● INFORMATION SHOWN
______

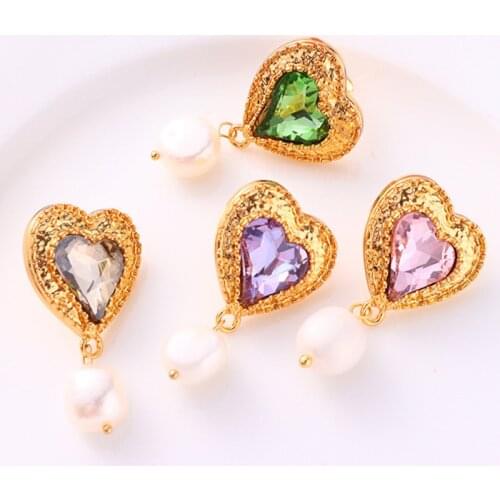 Vintage Baroque Pearl Imitation Crystal Heart Shaped Earrings Women New High Fashion French Pink Crystal Drop Earrings Jewelry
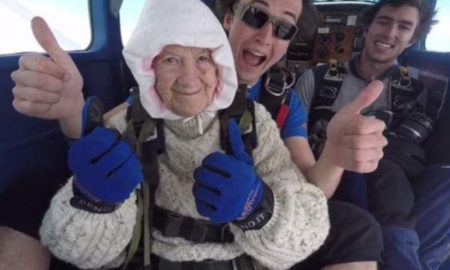 Abuela de 102 años marca récord en paracaidismo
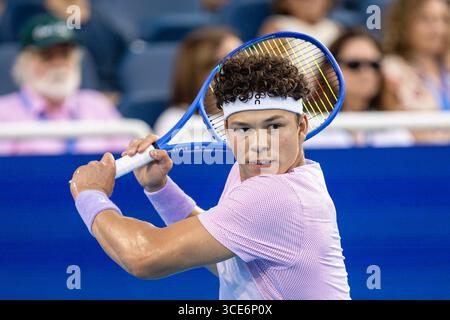 MASON, OHIO – 15. AUGUST: Ben Shelton aus den USA im Kampf gegen Alexander Zverev aus Deutschland am 9. Tag der Cincinnati Open im Lindner Family Tennis Center am 15. August 2025 in Mason, Ohio. (Foto: Mauricio Paiz) Stockfoto
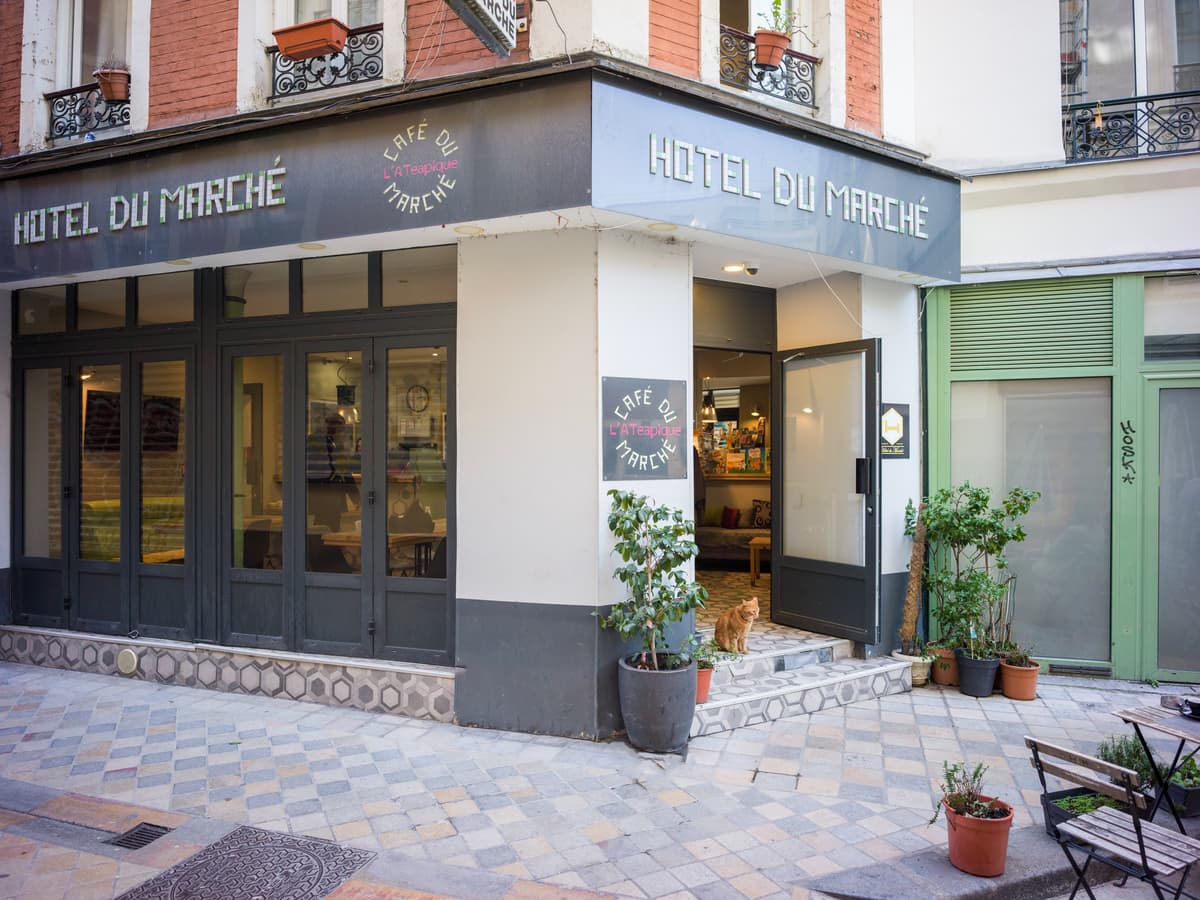 Fachada & Pasaje — 2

______

● WHAT THE TASK ASKS
A word-for-word transcription of the listing is needed, minus its images.

● RESULT OF THIS EXERCISE
 Vintage Baroque Pearl Imitation Crystal Heart Shaped Earrings Women New High Fashion French Pink Crystal Drop Earrings Jewelry
 Abuela de 102 años marca récord en paracaidismo
 MASON, OHIO – 15. AUGUST: Ben Shelton aus den USA im Kampf gegen Alexander Zverev aus Deutschland am 9. Tag der Cincinnati Open im Lindner Family Tennis Center am 15. August 2025 in Mason, Ohio. (Foto: Mauricio Paiz) Stockfoto
 Fachada & Pasaje — 2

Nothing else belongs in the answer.